* _Problem requirements_
Only the lines below from the one that contains "Minimalist long wall" through the one that contains "Esstischgruppe 9A & A2 Teak" should appear in your answer, exact and without pictures.

* _Data shown_
┄┄┄┄┄┄┄┄┄┄

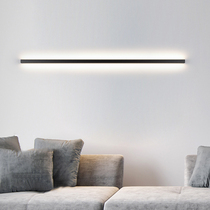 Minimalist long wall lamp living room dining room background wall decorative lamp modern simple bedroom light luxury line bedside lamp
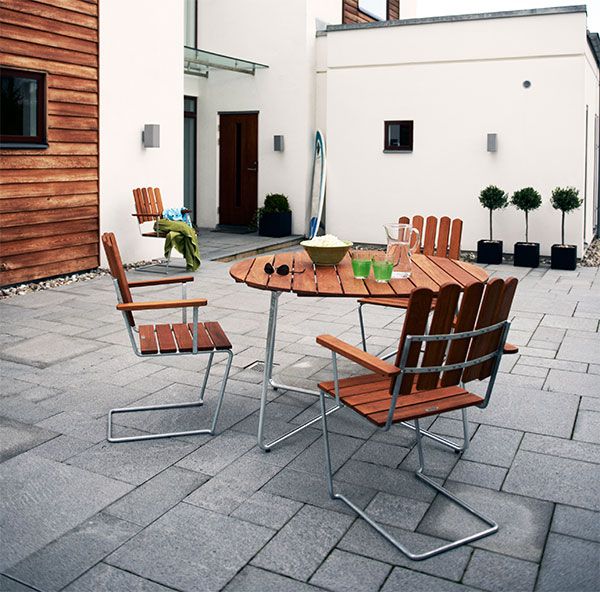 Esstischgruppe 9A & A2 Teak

┄┄┄┄┄┄┄┄┄┄

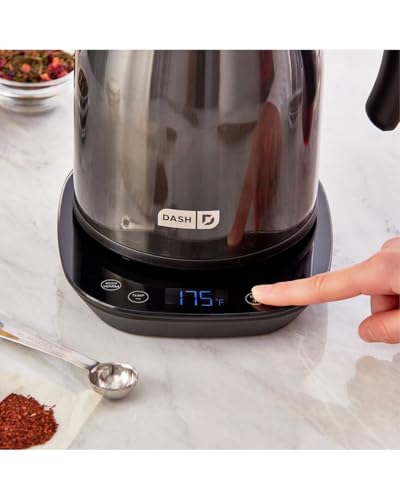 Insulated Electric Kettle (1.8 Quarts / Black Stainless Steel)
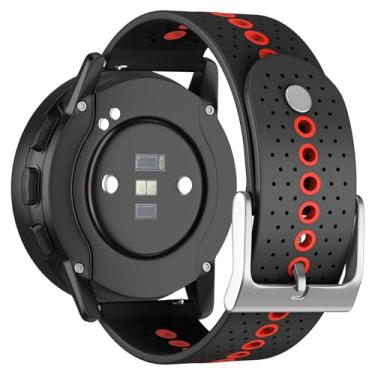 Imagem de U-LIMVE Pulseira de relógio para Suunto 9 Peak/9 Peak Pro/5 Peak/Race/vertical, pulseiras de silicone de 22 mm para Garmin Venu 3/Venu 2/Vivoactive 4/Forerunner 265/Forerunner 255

┄┄┄┄┄┄┄┄┄┄

* _Output of the exercise_
 Minimalist long wall lamp living room dining room background wall decorative lamp modern simple bedroom light luxury line bedside lamp
 Esstischgruppe 9A & A2 Teak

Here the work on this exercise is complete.